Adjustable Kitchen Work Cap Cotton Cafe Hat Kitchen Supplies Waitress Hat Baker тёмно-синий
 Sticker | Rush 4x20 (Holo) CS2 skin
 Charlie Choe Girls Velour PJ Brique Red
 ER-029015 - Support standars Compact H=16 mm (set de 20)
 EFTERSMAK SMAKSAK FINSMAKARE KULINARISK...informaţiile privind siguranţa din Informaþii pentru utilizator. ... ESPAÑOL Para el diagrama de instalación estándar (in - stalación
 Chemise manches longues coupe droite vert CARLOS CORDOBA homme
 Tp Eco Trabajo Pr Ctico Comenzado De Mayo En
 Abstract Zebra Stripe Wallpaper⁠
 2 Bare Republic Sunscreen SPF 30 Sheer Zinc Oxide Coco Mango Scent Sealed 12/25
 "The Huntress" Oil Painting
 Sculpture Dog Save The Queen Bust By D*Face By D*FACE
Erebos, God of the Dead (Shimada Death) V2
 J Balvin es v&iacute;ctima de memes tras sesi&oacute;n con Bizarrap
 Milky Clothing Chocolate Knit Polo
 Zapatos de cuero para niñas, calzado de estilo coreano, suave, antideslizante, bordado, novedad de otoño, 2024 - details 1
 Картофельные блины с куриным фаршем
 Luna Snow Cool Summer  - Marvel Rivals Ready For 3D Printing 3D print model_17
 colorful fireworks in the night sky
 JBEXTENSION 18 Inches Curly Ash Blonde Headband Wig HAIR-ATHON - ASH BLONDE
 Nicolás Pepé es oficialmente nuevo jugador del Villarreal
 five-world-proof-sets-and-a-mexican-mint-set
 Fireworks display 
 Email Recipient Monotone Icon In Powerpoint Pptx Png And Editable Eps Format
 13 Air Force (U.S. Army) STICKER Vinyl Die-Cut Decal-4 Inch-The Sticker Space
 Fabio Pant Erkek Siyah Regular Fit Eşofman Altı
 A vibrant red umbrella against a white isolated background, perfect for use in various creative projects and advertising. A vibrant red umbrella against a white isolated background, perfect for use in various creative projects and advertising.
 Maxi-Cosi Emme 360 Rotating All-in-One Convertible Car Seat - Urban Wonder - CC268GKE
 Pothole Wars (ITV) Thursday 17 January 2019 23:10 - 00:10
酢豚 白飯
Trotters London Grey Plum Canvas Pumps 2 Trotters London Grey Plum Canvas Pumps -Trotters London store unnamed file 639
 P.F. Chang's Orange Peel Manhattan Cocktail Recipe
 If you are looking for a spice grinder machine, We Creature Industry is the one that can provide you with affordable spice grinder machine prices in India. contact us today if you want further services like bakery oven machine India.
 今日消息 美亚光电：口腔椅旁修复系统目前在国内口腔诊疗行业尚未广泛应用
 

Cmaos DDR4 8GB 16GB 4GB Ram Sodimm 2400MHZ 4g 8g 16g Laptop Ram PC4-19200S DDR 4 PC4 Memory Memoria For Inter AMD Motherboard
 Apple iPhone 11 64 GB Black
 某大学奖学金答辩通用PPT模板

TASK INSTRUCTIONS: Filter the entries down to the lines containing "Sticker". Copy each of those lines.

SOLVED PROBLEM:
 Sticker | Rush 4x20 (Holo) CS2 skin
 13 Air Force (U.S. Army) STICKER Vinyl Die-Cut Decal-4 Inch-The Sticker Space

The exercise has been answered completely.